Primeiramente, destaca-se o descaso do Estado como agravante desse problema. Sob esse viés, esse fator, de acordo com as ideias do filósofo contratualista John Locke, configura-se como a violação do “Contrato Social”, já que o Estado não cumpre a sua função de garantir que os cidadãos gozem de seus direitos imprescindíveis, como o acesso à educação, principalmente aos grupos mais vulneráveis, o que, infelizmente, é evidente no país. Por conseguinte, essa ineficiência do Poder Público contribui massivamente para o descaso com a coletividade, haja vista que a maior parte da população não alfabetizada, segundo o Portal G1, são os de baixa renda e residentes de zonas rurais. Sendo assim, fica explícito que essa questão favorece a permanência do analfabetismo no Brasil.

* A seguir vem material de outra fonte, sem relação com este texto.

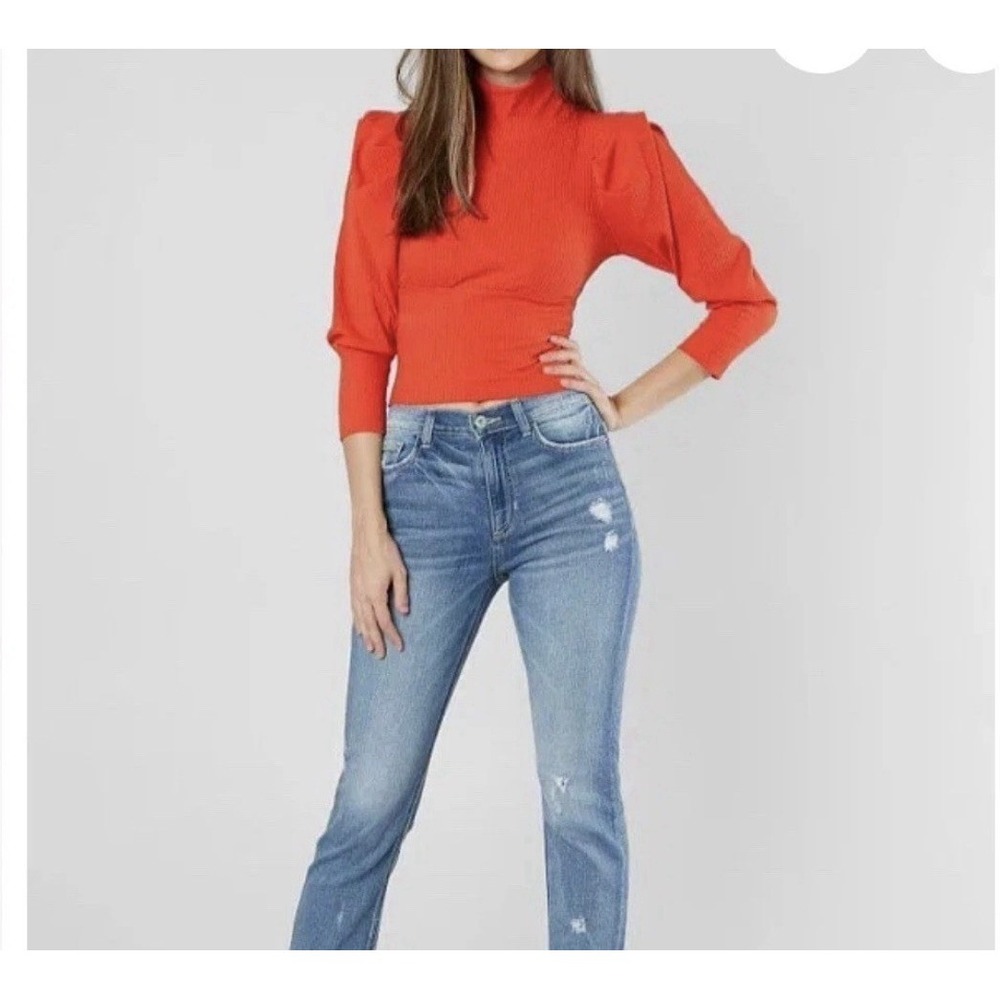 Free People Red Ribbed Puff Sleeve Top M Balletcore Romantic Mock Neck Indie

Ademais, a negligência do Estado - principalmente na esfera educacional - é um fator determinante para a permanência da problemática. Nesse sentido, conforme Nicolau Maquiavel, no livro “O príncipe”, para se manter no poder o governo dispõe-se à incumbência de operar e ter como objetivo o bem universal. Entretanto, é notório que, no Brasil, a insuficiência governamental, principalmente na educação, rompe essa máxima, visto que uma parcela do sistema estudantil, sobretudo as escolas particulares, possuem aulas e debates acerca dos processos necessários para a alfabetização, o que gera lacunas educacionais e sociais nos alunos das escolas públicas. À luz disso, esse entrave é nocivo e danifica a igualdade cidadã defendida pela obra de Maquiavel e prejudica, também, a sociedade brasileira, porquanto esses jovens crescerão sem saber os perigos desse quadro.

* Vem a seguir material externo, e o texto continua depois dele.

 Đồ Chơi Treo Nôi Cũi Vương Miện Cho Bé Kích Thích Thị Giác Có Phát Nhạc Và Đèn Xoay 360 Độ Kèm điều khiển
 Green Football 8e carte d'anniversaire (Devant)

Portanto, torna-se necessário agir para que esse impasse seja resolvido. Destarte, o Ministério da Educação, órgão responsável pela administração dos aspectos educacionais da nação, por meio de verbas públicas, deve investir em projetos que tenham como finalidade a construção de escolas em zonas rurais e a reforma das escolas periféricas, para que, desde os anos iniciais do ensino fundamental, seja possível concretizar o projeto nacional de alfabetização adequadamente. Dessa maneira, o direito à educação, garantido pela constituição, poderá ser efetivado aos cidadãos.